Let $x = \tan{\theta}$ so that $\frac{2x}{1+x^{2}} = \frac{2\tan{\theta}}{1+\tan^{2}{\theta}} = \sin{2\theta}$

so that $\arcsin{(\frac{2x}{1+x^{2}})} = \arcsin{\sin{2\theta}}=2\theta$

We now have $\frac{1-x^{2}}{1+x^{2}} = \frac{1-\tan^{2}{\theta}}{1+\tan^{2}{\theta}} = \cos{2\theta}$

so that $sec^{-1}{(\frac{1+x^{2}}{1-x^{2}})} = sec^{-1}(sec {(2\theta)}) =2 \theta$

so the desired answer is $4\frac{d\theta}{dx}=\frac{4}{1+x^{2}}$

Question 8:

If $y= \arcsin{(\frac{\sqrt{1+x}+\sqrt{1-x}}{2})}$ then find $\frac{dy}{dx}$

Solution 8:

Given that $\sin{y} = \frac{\sqrt{1+x}+\sqrt{1-x}}{2}$

$2\cos{y}\frac{dy}{dx} = \frac{1}{2\sqrt{1+x}} \times 1 + \frac{1}{2\sqrt{1-x}} \times (-1)$

$2\cos{y} \frac{dy}{dx} = \frac{\sqrt{1-x}-\sqrt{1+x}}{2\sqrt{1-x^{2}}}$

$2\cos{y} \frac{dy}{dx} = \frac{1-x-(1+x)}{(2\sqrt{1-x^{2}})(\sqrt{1-x}+\sqrt{1+x})} = - \frac{2x}{(2\sqrt{1-x^{2}})(\sqrt{1-x}+\sqrt{1+x})}$

$2\cos{y} \frac{dy}{dx} = - \frac{x}{(\sqrt{1-x^{2}})(2\sin{y})}$

$\frac{dy}{dx} = - \frac{x}{2\sqrt{1-x^{2}} (\sin{2y})}$ but $\sin{2y} = \frac{\sqrt{1+x}+\sqrt{1-x}}{2}$ and $\cos{y} = \frac{\sqrt{1+x}-\sqrt{1-x}}{2}$

so now we have $\sin{2y} = \frac{2}{4} (1+x-(1-x)) = x$

Hence, we get $\frac{dy}{dx} = - \frac{x}{2\sqrt{1-x^{2}}(x)}=-\frac{1}{2\sqrt{1-x^{2}}}$.

Question 9:

If $g(x) = x^{2}+2x+3f(x)$ and $f(0)=5$ and $\lim_{x \rightarrow 0} \frac{f(x)-5}{x}=4$, then evaluate $g^{'}(0)$.

Solution 9:

We have $g^{'}{(x)} = 2x+2+3f^{'}(x)$ and hence, $g^{'}{(0)}=2+3f^{'}{(0)}$

By definition of derivative, we have $f^{'}{(x)}= \lim_{t \rightarrow x} \frac{f(t)-f(x)}{t-x}$ where let us say $t-x=h$ so that $t \rightarrow x$, and $h \rightarrow 0$

$f^{'}(x) = \lim_{h \rightarrow 0} \frac{f(x+h)-f(x)}{h}$

$\lim_{h \rightarrow 0} \frac{f(h)-5}{h}=4$ and $f(0)=5$ and hence, $f^{'}(0)=4$.

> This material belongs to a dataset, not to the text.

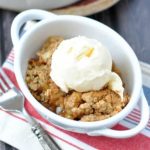 Easy Apple Crumble Recipe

Hence, $g^{'}(0)=2+3 \times 4=14$

Question 10:

If $\tan{y} = \frac{2t}{1-t^{2}}$, and $\sin{x}=\frac{2t}{1+t^{2}}$, then find $\frac{d^{2}y}{dx^{2}}$.

Answer 10:

Let $t = \tan{\theta}$ and hence, $\frac{2t}{1-t^{2}} = \frac{2\tan{\theta}}{1-\tan^{2}{\theta}} = \tan{2\theta}$

Hence, $\tan{y} = \tan{2\theta}$

so that $\sec^{2}{y} \frac{dy}{dx} = \sec^{2}{(2\theta)}.2.\frac{d\theta}{dx}$

Let $t=\tan{\theta}$ so that $\theta = \arctan{t}$ and $\frac{d\theta}{dx}=\frac{1}{1+t^{2}} \times \frac{dt}{dx}$

Hence, we get $(\sec^{2}{y})\frac{dy}{dx} = \sec^{2}(2\theta) \times \frac{2}{(1+t^{2})}.\frac{dt}{dx}$ so that

$\sec^{2}{(2\theta)}\frac{dy}{dx} = \sec^{2}{(2\theta)} \times \frac{2}{1+t^{2}} \times \frac{dt}{dx}$

Hence, $\frac{dy}{dx} = \frac{2}{(1+t^{2})}\frac{dt}{dx}$

Hence, $\sin{x}=\frac{2t}{1+t^{2}} = \frac{2\tan{\theta}}{1+\tan^{2}{(\theta)}}=2 \frac{\sin{\theta}}{\cos{\theta}} \frac{\cos^{2}{\theta}}{1}$

Hence, $\sin{x} = \sin{2\theta}$ and hence $x=2\theta$ and so $t=\tan{\theta}$ hence, $\theta=\arctan{t}$

$x =\arctan{t}$ so that $t=\tan{x}$

$\frac{dt}{dx} = \frac{1}{1+x^{2}}$….call this A.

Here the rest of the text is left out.